Anticonvulsant shows promise for OSA treatment

In a dose-ranging study presented at ERS 2024, the carbonic anhydrase inhibitor sulthiame (STM), an anticonvulsant, reduced sleep-disordered breathing and improved sleep quality, hypoxia, and daytime sleepiness in individuals with obstructive sleep apnoea (OSA).

“The standard treatment for OSA is sleeping with a machine that blows air through a face mask to keep the airways open. Unfortunately, many people find these machines hard to use over the long term, so there is a need to find alternative treatments,” said Professor Jan Hedner from Gothenburg University in Sweden. “We also need a better understanding of the underlying mechanisms in OSA to help clinicians give a more personalized treatment.”

“[I]n the trial, [individuals on STM] had a reduction in OSA symptoms such as stopping breathing during the night and feeling sleepy during the day,” he said, adding that STM also improved their average blood oxygen levels. These suggest that STM may be effective for treating OSA, especially for those who cannot use existing mechanical treatment alternatives.

The study included 298 individuals with OSA (mean age 56 years, 73.8 percent men, mean BMI 29 kg/m²) who cannot accept or tolerate CPAP* or oral splints. They were randomized 1:1:1:1 to STM 100, 200, 300 mg, or placebo and evaluated by polysomnography. [ERS 2024, abstract OA5433]
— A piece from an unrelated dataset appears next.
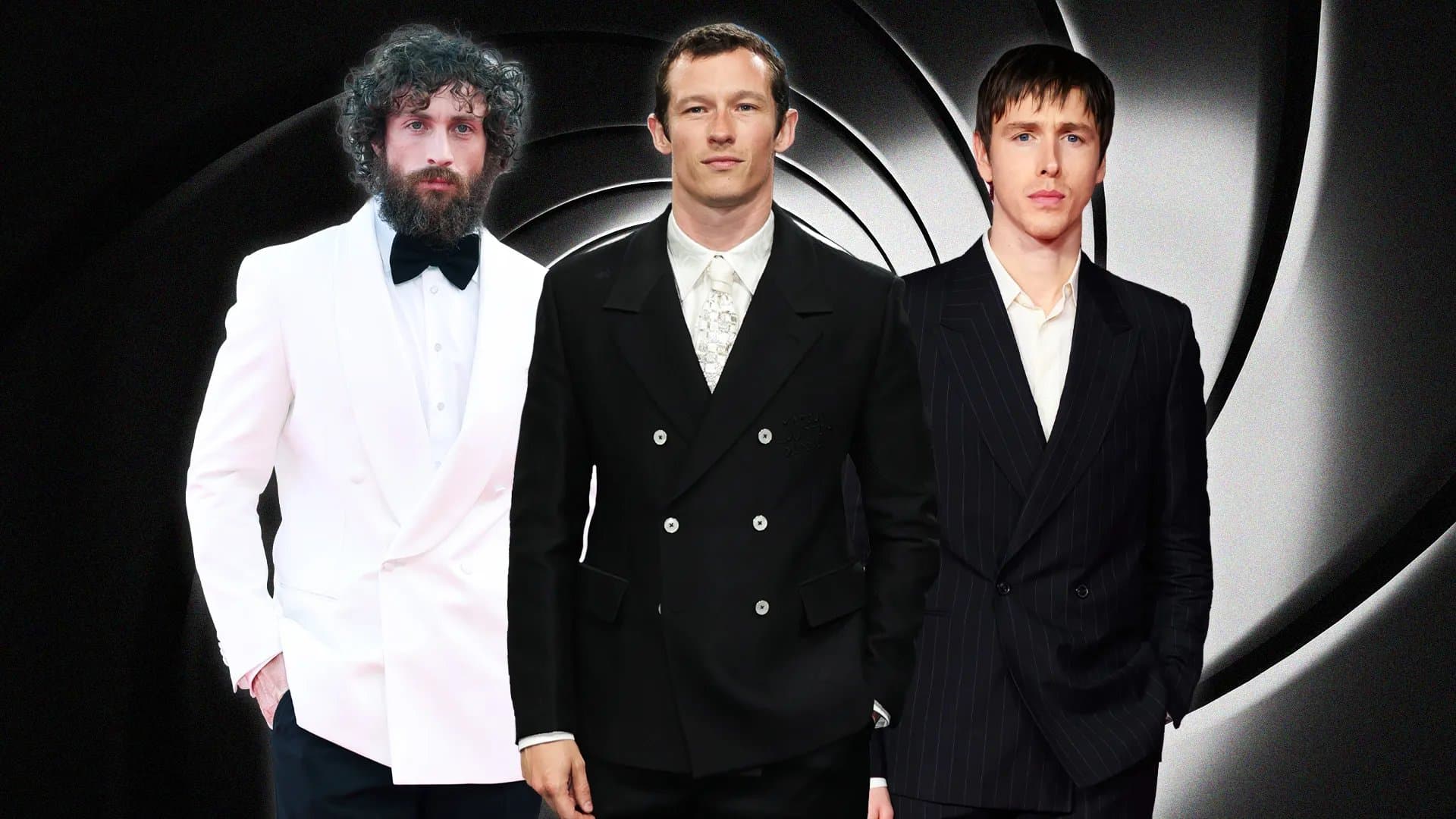 A composite of three men in formal tuxedo jackets standing in front of the James Bond gun-barrel graphic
The primary efficacy endpoint – relative change in AHI3a** from baseline to week 15 – was met with STM 100, 200, and 300 mg (–17.8 percent; p<0.05, –34.8 percent; p<0.0001, and –39.9 percent; p<0.0001, respectively).

In the post hoc analysis, STM 300 mg slashed AHI4** by nearly 50 percent (p<0.001). For the 100- and 200-mg doses, the corresponding reductions were 26.2 percent (p<0.013) and 36.8 percent (p<0.001).

Mean O^₂ saturation improved by 0.95 percent and 0.87 percent with STM 200 and 300 mg, respectively (p<0.0001 for both). Both doses also reduced ODI*** 3 percent (5.5 percent; p=0.008 and 6.5 percent; p<0.0001). These measures indicate improved oxygenation with STM.

In terms of total arousal index, the changes from baseline to week 15 were greater with all STM doses vs placebo (–3.1; p=0.04, –5.7; p<0.001, and –6.7; p<0.0001 for 100, 200, and 300 mg, respectively). The greater reductions denote significant improvements in sleep fragmentation and quality, with no clinically relevant reduction of REM sleep, noted Hedner. “There was also an increase in total sleep time and sleep inefficiency.”

Sleepiness also improved with STM vs placebo, as reflected by the mean reductions in ESS^# from baseline to week 15 (1.8, 1.8, and 1.3 [100, 200, and 300 mg] vs 0.9 [placebo]). A similar pattern was seen in the subgroup of ‘sleepy’ patients (ESS ≥11; 3.2, 3.5, and 2.7 vs 1.1), suggesting that STM decreased excessive daytime sleepiness.

There was also the expected blood pressure (BP)-lowering effect with STM – particularly with the 200- and 300 mg-doses – vs placebo. This effect was seen for both systolic and diastolic BP.

Adverse events (AEs) were generally mild to moderate and dose-dependent without cardiovascular safety issues. Treatment-emergent AEs (TEAE) align with the known safety profile of STM. The frequency was dose-dependent and expected, including paraesthesia, headache, dyspnoea, and nausea, Hedner noted. The paraesthesia was intermittent, mild, and mainly restricted to the fingertips.

“[Taken together, these results suggest that] STM is a promising novel candidate for pharmacological treatment in OSA,” said Hedner. “Although STM is already available as a treatment for childhood epilepsy, we still need to carry out a phase III study to confirm the beneficial respiratory effects of this drug in a larger group of OSA patients.”

Available Tx not for everyone

In the ERS press release, Professor Sophia Schiza from the University of Crete in Greece, who was not involved in the study, underlined the importance of seeking consult should snoring be accompanied by other symptoms such as frequent waking at night or feeling fatigued and/or sleepy during the daytime.

“Because OSA increases the risk of serious health problems … it is vital that we diagnose and treat the condition. Treatments are available, but because they do not work for everyone, we need more ways to treat the disease based on individualized diagnostic and treatment approaches,” Schiza continued.

“This is one of the first studies to suggest that a drug treatment could help some patients, and the results are promising. We need to continue testing STM and other treatments to understand their long-term effects, including any side effects,” Schiza added.